Chapter 259: Multimodal NLP Trading

Introduction

Multimodal NLP trading combines natural language processing with other data modalities — images, audio, and structured numerical data — to build richer representations of market state and generate more informed trading signals. Traditional NLP approaches for finance analyze text in isolation: earnings call transcripts, news headlines, or analyst reports are processed as standalone inputs. Multimodal methods break this silo by jointly learning from text alongside charts, financial tables, executive tone of voice, and price time series.

The motivation is straightforward. When a human analyst evaluates a stock, they do not read the earnings call transcript in a vacuum. They look at the accompanying slide deck, listen to the CEO’s tone, glance at the price chart, and check the numbers in the financial statements. Each modality carries information that the others miss. A confident verbal tone paired with weak numbers tells a different story than the same words paired with strong numbers. Multimodal models attempt to capture these cross-modal interactions automatically.

This chapter presents a complete framework for multimodal NLP trading. We cover the key fusion architectures, the modalities most relevant to financial markets, and a working Rust implementation that connects to the Bybit cryptocurrency exchange for real-time multimodal signal generation.

Key Concepts

Modalities in Financial Markets

Financial markets produce data across several distinct modalities:

Text: News articles, earnings call transcripts, SEC filings, social media posts, analyst reports. Text conveys semantic meaning, sentiment, and forward-looking statements.
Images: Candlestick charts, technical analysis patterns, heatmaps of correlation matrices, order book depth visualizations.

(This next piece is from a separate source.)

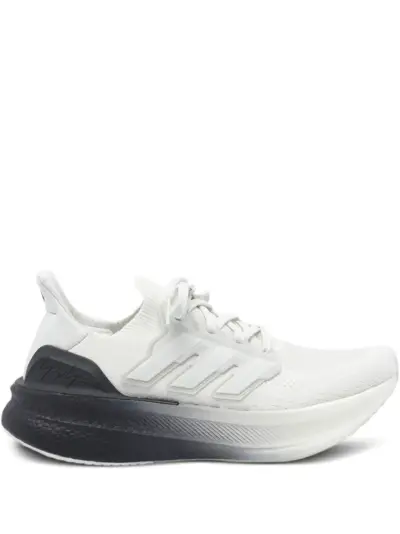 Y-3 Ultraboost lace-up sneakers - White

Images encode spatial patterns that are difficult to express numerically.
Audio: Earnings call recordings, executive interviews, central bank speeches. Audio carries paralinguistic cues — tone, hesitation, stress — that text transcripts lose.
Structured data: Price time series, volume profiles, order book snapshots, fundamental ratios. Structured data provides the quantitative backbone of any trading system.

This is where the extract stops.